In this case, we had a clear reporting scenario in mind that required a large volume of fairly-realistic time-series data. What we actually wanted to know was how plain PostgreSQL compared against Timescale when it came to building reports based on SQL queries. I started by generating pretty realistic data in Python. Using a simple for loop at first, but soon after I realised that to generate the volume we had in mind - around 300 million records - I needed to speed up the process. Applying the multiprocessing library the process we could generate data 5 times faster. That meant that generating around 300 million records could be done in about 30 minutes.
Number or records |
for loop |
for loop + multiprocessing |
||||||||
---|---|---|---|---|---|---|---|---|---|---|
1 million | 21.186 s | 4.201 s | ||||||||
10 million | 206.069 s | 42.458 s | ||||||||
100 million | 1,891.245 s | 593.367 s |
The second step was to load the data, in this case on a PostgreSQL instance running locally on Docker, and these were the results:
Number of records | Seconds to load | ||||
---|---|---|---|---|---|
10, 000 | 0.182 | ||||
100, 000 | 1.691 | ||||
1,000, 000 | 29.102 | ||||
10,000,000* | 3,559.772 |
* The data was loaded in batches of CSV files containing 1 million records each. There seems to be a sweet spot in the batch size that enhances performance and allows to load data faster. Files containing 1 million records are way over already, I suspect something in the 100K rows is probably closer to it. That is something worth looking into to streamline the load.

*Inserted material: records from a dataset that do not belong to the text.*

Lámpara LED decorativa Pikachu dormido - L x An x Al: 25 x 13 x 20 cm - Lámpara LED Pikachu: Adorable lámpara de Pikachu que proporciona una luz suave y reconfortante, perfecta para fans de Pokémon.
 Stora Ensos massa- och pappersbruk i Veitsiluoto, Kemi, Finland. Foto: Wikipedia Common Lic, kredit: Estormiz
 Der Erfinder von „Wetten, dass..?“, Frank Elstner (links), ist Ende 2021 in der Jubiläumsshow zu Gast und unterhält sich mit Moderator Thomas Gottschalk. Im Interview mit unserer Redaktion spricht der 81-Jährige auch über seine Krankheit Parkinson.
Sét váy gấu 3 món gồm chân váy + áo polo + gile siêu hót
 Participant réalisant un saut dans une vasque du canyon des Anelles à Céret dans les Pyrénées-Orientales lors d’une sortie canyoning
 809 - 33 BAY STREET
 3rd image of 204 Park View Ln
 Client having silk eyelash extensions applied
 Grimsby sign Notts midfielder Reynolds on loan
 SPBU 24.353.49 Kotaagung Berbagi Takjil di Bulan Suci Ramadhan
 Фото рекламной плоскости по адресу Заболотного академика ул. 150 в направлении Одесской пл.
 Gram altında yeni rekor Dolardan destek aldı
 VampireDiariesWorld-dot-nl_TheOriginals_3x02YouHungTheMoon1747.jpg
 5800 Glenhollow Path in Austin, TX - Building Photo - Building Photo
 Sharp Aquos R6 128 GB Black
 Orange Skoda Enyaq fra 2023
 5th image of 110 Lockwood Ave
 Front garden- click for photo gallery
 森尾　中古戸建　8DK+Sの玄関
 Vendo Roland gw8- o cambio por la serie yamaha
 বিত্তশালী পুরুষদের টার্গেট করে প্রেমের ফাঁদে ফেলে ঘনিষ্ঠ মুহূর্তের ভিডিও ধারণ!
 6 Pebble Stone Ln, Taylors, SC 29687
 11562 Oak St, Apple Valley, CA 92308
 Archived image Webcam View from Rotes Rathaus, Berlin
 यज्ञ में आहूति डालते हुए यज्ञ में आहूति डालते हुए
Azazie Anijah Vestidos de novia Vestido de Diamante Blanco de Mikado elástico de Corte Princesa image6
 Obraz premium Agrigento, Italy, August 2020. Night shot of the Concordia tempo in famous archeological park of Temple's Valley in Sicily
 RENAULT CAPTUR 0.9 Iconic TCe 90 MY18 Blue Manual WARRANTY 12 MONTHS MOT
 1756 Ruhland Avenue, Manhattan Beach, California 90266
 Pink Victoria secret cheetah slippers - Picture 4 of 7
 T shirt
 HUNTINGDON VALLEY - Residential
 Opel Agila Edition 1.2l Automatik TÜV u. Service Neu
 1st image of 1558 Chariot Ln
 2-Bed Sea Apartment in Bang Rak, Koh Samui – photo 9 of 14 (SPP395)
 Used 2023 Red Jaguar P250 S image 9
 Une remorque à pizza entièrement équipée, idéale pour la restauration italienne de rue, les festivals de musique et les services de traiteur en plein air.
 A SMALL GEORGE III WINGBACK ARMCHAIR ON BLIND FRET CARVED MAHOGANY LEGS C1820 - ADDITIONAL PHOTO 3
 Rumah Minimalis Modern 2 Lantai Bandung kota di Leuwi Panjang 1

So, the speed gained by introducing the multiprocessing library is wasted by the speed at which we can load the data into PostgreSQL. On my local test setup it seems that it can pretty much keep up with the speed at which the simple for loop can generate it. Extrapolating from the results above it would take 30 hours of simultaneous data generation and load to get to 300 million records.
So, I dropped the idea of fairly-realistic data and moved onto, kind-of realistic data. The kind-of realistic data that I could generate directly on the database. Combining the generate_series
function with a CROSS JOIN
you can generate and insert data in a table extremely fast, and since I was interested in volume this is the option I went for.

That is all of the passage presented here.